Andressa riu, um som baixo e cheio de provocação, deslizando os dedos pelo peito dele em movimentos lentos. Seus olhos brilharam com diversão, mas havia um toque de desafio em sua expressão.
— Minha vida toda? — Ela arqueou uma sobrancelha, a mão agora subindo até seu pescoço.
— Que declaração possessiva, amor. Mas sabe o que eu acho? Que você gosta mais da ideia de dividir do que admite… Gosta de me ver despertando desejos, até mesmo em estranhos.
Ela inclinou-se, os lábios a milímetros do ouvido dele.
— Não precisa esconder, meu corninho. É isso que te faz queimar por dentro, não é?
Antes que ele respondesse, Andressa afastou-se suavemente, os dedos correndo pelo próprio corpo. Ela deslizou as mãos pela curva dos quadris, tocando a calcinha de renda que quase nada cobria, enquanto empinava ainda mais o quadril. A luz amarelada destacava cada detalhe de sua pele arrepiada, os pequenos pelos dourados de seus braços e coxas capturando o brilho artificial.
— Sabe o que é curioso, amor? — Andressa murmurou, deslizando a ponta dos dedos pelos próprios ombros, em movimentos suaves que desciam até o busto, traçando a renda delicada que mal cobria sua pele.
Ela inclinou-se ligeiramente, aproximando os lábios da orelha de Paulo, mas com um sorriso travesso curvando sua boca.
— Os pelinhos da minha bucetinha… — sussurrou, a voz carregada de malícia e provocação. — Agora eles também podem ver. Será que estão imaginando como seria senti-los roçando nos dedos?
Paulo prendeu a respiração, o desejo nítido em seus olhos enquanto os movimentos dela o hipnotizavam. Era uma batalha interna entre o ciúme que queimava e a excitação avassaladora que o consumia. Ele engoliu em seco, incapaz de desviar o olhar, rendido ao poder que Andressa tinha sobre ele naquele momento.
Andressa não perdeu a chance e deixou um sorriso ainda mais travesso surgir em seus lábios. Ela se aproximou um pouco, mas sem permitir que ele a tocasse.
— E se eles voltarem? Talvez eu os convide para chegarem mais perto. Para verem de verdade o que é que tanto te tira do sério.

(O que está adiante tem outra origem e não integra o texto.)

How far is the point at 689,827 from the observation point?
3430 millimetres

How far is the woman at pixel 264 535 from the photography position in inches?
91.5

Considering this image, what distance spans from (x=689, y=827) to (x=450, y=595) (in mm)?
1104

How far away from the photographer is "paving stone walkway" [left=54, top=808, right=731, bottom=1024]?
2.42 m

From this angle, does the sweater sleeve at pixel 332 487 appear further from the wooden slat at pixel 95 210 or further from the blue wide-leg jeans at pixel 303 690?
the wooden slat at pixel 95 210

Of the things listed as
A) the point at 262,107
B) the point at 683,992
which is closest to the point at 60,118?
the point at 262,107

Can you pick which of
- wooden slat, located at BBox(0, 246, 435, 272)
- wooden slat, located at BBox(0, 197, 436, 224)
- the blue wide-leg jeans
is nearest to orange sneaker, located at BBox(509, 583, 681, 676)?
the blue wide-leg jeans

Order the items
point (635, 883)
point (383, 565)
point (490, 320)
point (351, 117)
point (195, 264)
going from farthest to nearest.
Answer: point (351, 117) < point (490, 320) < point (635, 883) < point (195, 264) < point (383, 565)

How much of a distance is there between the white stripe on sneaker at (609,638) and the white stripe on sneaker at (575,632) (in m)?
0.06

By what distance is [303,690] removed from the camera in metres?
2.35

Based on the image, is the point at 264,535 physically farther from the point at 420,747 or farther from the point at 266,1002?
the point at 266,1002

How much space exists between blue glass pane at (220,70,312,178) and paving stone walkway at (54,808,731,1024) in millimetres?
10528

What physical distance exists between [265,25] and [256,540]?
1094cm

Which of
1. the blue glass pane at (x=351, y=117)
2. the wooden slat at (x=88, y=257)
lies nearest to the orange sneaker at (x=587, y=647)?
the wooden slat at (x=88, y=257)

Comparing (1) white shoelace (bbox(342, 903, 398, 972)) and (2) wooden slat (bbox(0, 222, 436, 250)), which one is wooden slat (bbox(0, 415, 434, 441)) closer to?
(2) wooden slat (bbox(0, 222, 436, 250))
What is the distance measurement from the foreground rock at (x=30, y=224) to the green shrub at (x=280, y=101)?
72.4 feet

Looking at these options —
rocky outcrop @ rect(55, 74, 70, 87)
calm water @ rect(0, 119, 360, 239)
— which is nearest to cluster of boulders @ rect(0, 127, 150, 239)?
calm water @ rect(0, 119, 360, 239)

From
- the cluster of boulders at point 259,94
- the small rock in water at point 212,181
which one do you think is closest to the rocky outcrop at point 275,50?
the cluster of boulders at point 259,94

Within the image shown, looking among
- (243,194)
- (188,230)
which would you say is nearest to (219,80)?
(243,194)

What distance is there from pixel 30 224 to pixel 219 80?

— E sabe o que mais, Paulo? Se eles voltarem, talvez eu deixe um deles tocar bem aqui. — Ela arrastou os dedos pela lateral da calcinha, acariciando de forma provocadora enquanto mantinha os olhos fixos nele.
Paulo respirou fundo, tentando manter o controle, mas sua voz saiu rouca e carregada de emoção.
Ela inclinou-se, sua respiração quente contra o pescoço dele.
— Não estou brincando não, meu amor… Estou só te lembrando que o que te excita de verdade é me ver sendo desejada por outros homens.
Antes que ele pudesse dizer algo, Andressa pegou a mão dele, guiando-a até sua cintura nua. Seus olhos brilharam enquanto ela sussurrava:
— Agora me diga, Paulo… Até onde você está disposto a deixar isso ir? — A provocação em sua voz era irresistível, enquanto o som distante de passos parecia trazer ainda mais adrenalina ao momento.